A typical portable medical electronic system comprises components like analog front-ends for data acquisition, amplifiers and filters for signal conditioning, analog-to-digital converters (ADCs) for signal and sensor data acquisition, buttons to accept user feedback, an MCU to execute algorithms, and a variety of interfaces such as an LCD display, USB port and so on. Traditional design methodologies bring together all of the needed functionality onto a PCB by way of individual components. This method increases the overall system BOM, PCB complexity, and design cycle. Using individual analog components also reduces analog IP protection as the system can be reverse engineered easily.

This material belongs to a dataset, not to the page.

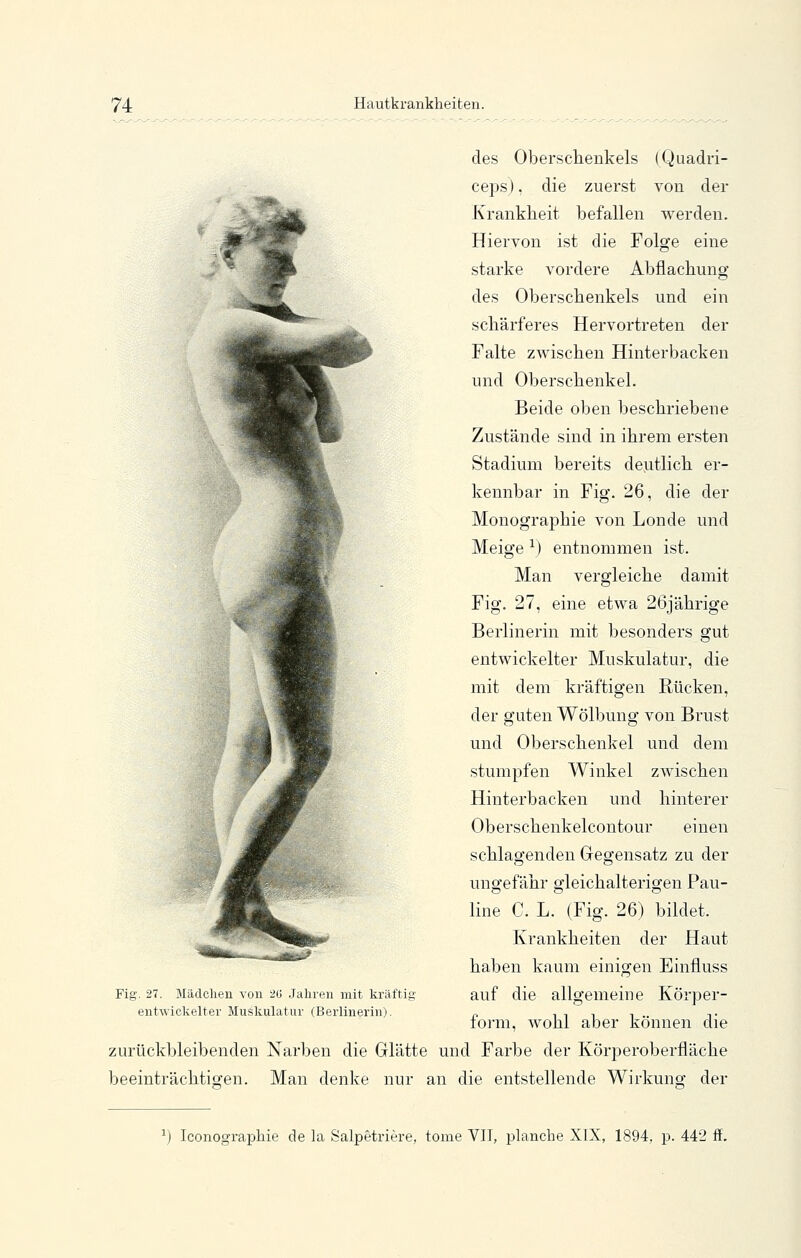 des Obersclienkels (Quadri- ceps), die zuerst von der Krankheit befallen werden. Hiervon ist die Folge eine starke vordere Abflacliung des Oberschenkels und ein schärferes Hervortreten der Falte zwischen Hinterbacken und Oberschenkel. Beide oben beschriebene Zustände sind in ihrem ersten Stadium bereits deutlich er- kennbar in Fig. 26, die der Monographie von Londe und Meige ^) entnommen ist. Man vergleiche damit Fig. 27, eine etwa 26jährige Berlinerin mit besonders gut entwickelter Muskulatur, die mit dem kräftigen Rücken, der guten Wölbung von Brust und Oberschenkel und dem stumpfen Winkel zwischen Hinterbacken und hinterer Oberschenkelcontour einen schlagenden Gegensatz zu der ungefähr gleichalterigen Pau- line C. L. (Fig. 26) bildet. Krankheiten der Haut haben kaum einigen Einfiuss auf die allgemeine Körper- form, wohl aber können die zurückbleibenden Narben die Glätte und Farbe der Körperoberfläche beeinträchtig'en. Man denke nur an die entstellende Wirkung; der Fig. 27. Mädchen von 2ü Jahi-en mit kräftig entwickelter Musliulatur (Berlinerin). IconograpHe de la Salpetriere, tome VII, planche XIX, 1894, p. 442 ff.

Portable medical equipment design and manufacture is also regulated by the Food and Drug Administration (FDA). This means that their design and construction must follow precisely documented processes, and performance must meet stringent documentation, development testing, production testing, and field maintenance requirements. One FDA regulation requires that the components used in a medical device have to be guaranteed to be available in production for the next five years. This provides an incentive for developers to reduce the overall number of components used to make FDA certification simpler.
Figures 1 and 2 show a typical blood pressure monitor (BPM) and a non-contact digital thermometer built using traditional approach.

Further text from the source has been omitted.